Methods for single-cell multi-omics integration – scMOmix

Single-cell RNA sequencing (scRNAseq) is revolutionizing biology and medicine. The possibility to assess cellular heterogeneity at a previously inaccessible resolution, has profoundly impacted our understanding of development, of the immune system functioning and of many diseases. While scRNAseq is now mature, the single-cell technological development has shifted to other large-scale quantitative measurements, a.k.a. ‘omics’, and even spatial positioning. In addition, combined omics measurements profiled from the same single cell are becoming available.

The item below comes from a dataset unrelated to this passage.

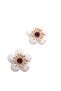 Fiore Colorful Resin Vip Women's Flower Nail Earrings - 2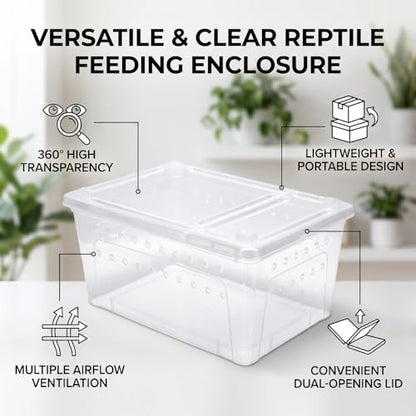 Zerodis 2Pcs Portable Reptile Feeding Box, Transparent Plastic Transport Container Reptile Breeding Enclosure with Feeding Bowl for Bearded Dragon Lizard Snake Spider Gecko (L)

Each single-cell omics presents intrinsic limitations and provides a different and complementary information on the same cell. Single-cell multi-omics integration, i.e. the simultaneous analysis of multiple single-cell omics, is thus expected to compensate for missing or unreliable information in any single omics and to provide tremendous power to untangle the complexity of human cells.
However, single-cell multi-omics integration is challenging. Different single-cell omics vary widely in signal range, in coverage depth and in the number and nature of the measured features. The challenge is thereby to extract biological signals shared across the multiple omics and masked by the wide across-omics variations. In addition, the huge number of profiled cells, billions in the near future, introduces all the computational and statistical challenges typical of “Big Data”. There is thus the imperative need for powerful and robust methodologies able to overcome such challenges and produce new biological knowledge through single-cell omics data integration.
scMOmix will contribute to this methodological breakthrough. Our aim is indeed to develop rigorous methods for multi-omics integration able to overcome the numerous intrinsic challenges of single-cell data and exploit their richness. In particular, we propose to develop dimensionality reduction (WP1) and network-based (WP2) approaches enabling the integration of multi-omics single-cell data and we will convert such methods to Open Source algorithms (WP3). By applying the developed approaches to real patient-derived data, scMOmix ultimately aims at improving our understanding of cancer heterogeneity and its underlying molecular mechanisms. In particular, the two applications in cancer research that we will consider are: (T1) assessing the heterogeneity of colorectal cancer subtypes and (T2) pinpointing markers and resistance mechanisms for a-PD1 treatment in metastatic melanoma.

The methodologies developed is scMOmix will impact interdisciplinary research fields. Potential users of scMOmix are computational biologists and sequencing/bioinformatics platforms in hospitals or research centers. Scientists in mathematics/ machine-learning could extend the methodological developments of scMOmix to the analysis of data unrelated to biology. Finally, the interest for scMOmix is not limited to the academic sphere, as we will also target end-users in pharmaceutical industry and AI companies. In the long run, the new tools proposed in scMOmix will benefit biologist and clinicians, thereby contributing to precision medicine and potentially resulting in new diagnostic tools or therapeutic targets. However, the impact of scMOmix will not be limited to cancer research or clinical applications, in fact it will have an effect also on a wide range of biological fields, having multi-omics profiles, going from immunology, neuroscience, environmental research and industrial biotechnology.

Finally, this ANR JCJC will strongly contribute to my evolution towards a team leader position. ScMOmix will boost my possibilities to favorably apply for competitive young PI grants (e.g. ERC Starting grant) and it will be a stepping stone to create my own group inside IBENS.